What are processes (process)
Process, which is the basic unit that the operating system allocates and manages resources in the course of executing, is a dynamic concept, which is the basic unit of computer system resources. Each process has its own address space, either process space or (virtual space). The size of the process space is only related to the number of processor bits

Process to open a child process, the child process completely copy the parent process, such as the parent process occupies 20M, the child process also occupies 20M, so the open process is more resource -consuming than the thread

The difference between a thread and a process

The thread shares the address space of the process that created it; The process has its own address space.

Threads can access data segments of their processes directly; The process owns its own copy of the data segment of its parent process.

A thread can communicate directly with other threads of its process; The process must communicate with the sibling process using interprocess communication.

New threads are easy to create; The new thread needs to repeat the parent thread. For example, the parent process consumes 20M and the child process consumes 20M, so the process consumes more resources than the thread.

Threads can operate between each other, and processes cannot be

Changes to the main thread (cancellation, priority changes, and so on) may affect other child thread threads of the process; Changes to the parent process do not affect child processes.

Q: Is the thread execution fast or the execution process fast? [Trap problem]

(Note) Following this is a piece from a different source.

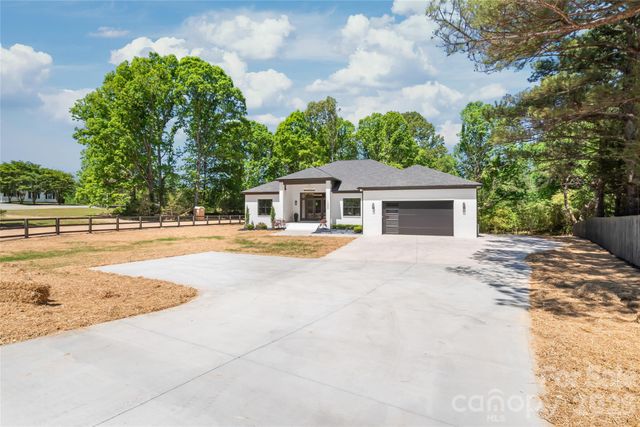 1220 Cuthbertson Road, Waxhaw, NC 28173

Answer: Same fast, run the same content

Python can create multiple processes, not strictly because there are gil,python not multi-threading, but can take advantage of multiple processes to solve [multi-process can not achieve data sharing, can be achieved through other solutions, co-processes, heap and other scenarios] to achieve CPU multi-core utilization

If in the PY, the task is IO-intensive [not always call the CPU to perform tasks, there will be sleep and other IO blocking], multi-threading, if computationally intensive, you can consider C development

Thread Creation

Creation of Threads:

1. Call directly, threading. Thread (target=sayhi,args= (1,)

2. Inherited invocation:

Call directly:

Import Timeimport threadingbegin=time.time () def bar (n):    print (' bar%s '%n)    Time.sleep (3) def foo (n):    Print (' foo%s '%n)    time.sleep (2) T1 = Threading. Thread (Target=bar, args= (1,)) # creates T1 thread object t2 = Threading. Thread (Target=foo, args= (2,)) # Creates a T2 thread object T1.start ()   # thread starts, starts to preempt CPU resources t2.start ()   # thread starts, starts to preempt CPU resources end=time.time () T1.join ()   # thread blocked, executes the main thread after the day T1 T2.join ()   

An inherited invocation:

Import Threadingimport Timeclass MyThread (threading. Thread):    def __init__ (self, num):        threading. Thread.__init__ (self)        self.num = num    def run (self):  # defines the function to run for each thread        print ("Running on number:%s"% Self.num)        Time.sleep (3) if __name__ = = ' __main__ ':    t1 = MyThread (1)    t2 = MyThread (2)    T1.start ()    T2.start ()
Thread Common methods

Thread.Join (): The parent thread of this child thread will remain blocked until the child thread finishes running.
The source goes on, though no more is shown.